Source information below:

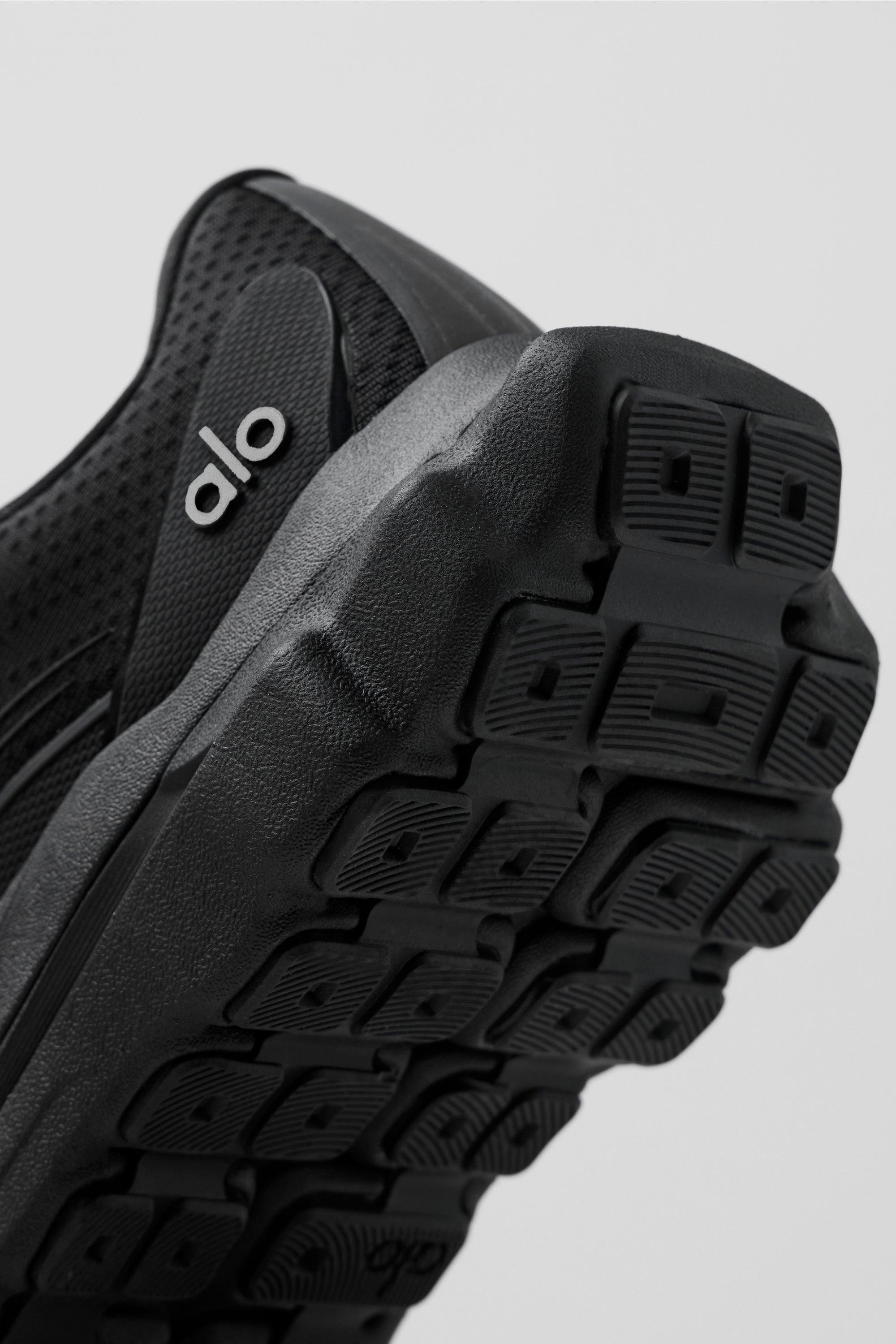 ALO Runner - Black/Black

End of Source information.
Source information below:

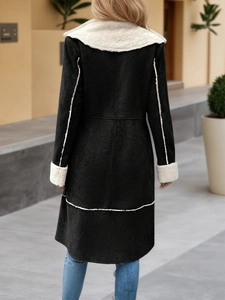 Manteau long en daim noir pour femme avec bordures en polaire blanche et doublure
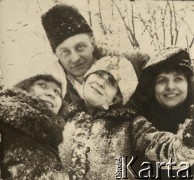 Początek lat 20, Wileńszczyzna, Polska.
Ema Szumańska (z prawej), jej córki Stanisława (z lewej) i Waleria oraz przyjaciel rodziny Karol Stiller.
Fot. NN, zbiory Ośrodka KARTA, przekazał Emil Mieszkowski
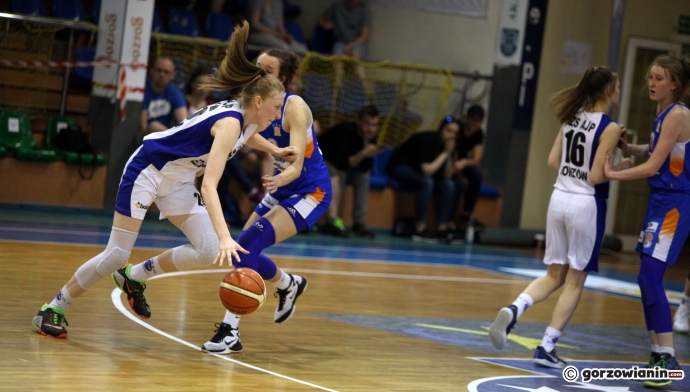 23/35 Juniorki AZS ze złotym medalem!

End of Source information.

→ **Required action**
Every line above from the one with "Fot. NN, zbiory" down to the one with "23/35 Juniorki AZS ze złotym medalem!" must be written out exactly, and no picture may appear.

→ **Task response**
Fot. NN, zbiory Ośrodka KARTA, przekazał Emil Mieszkowski
 23/35 Juniorki AZS ze złotym medalem!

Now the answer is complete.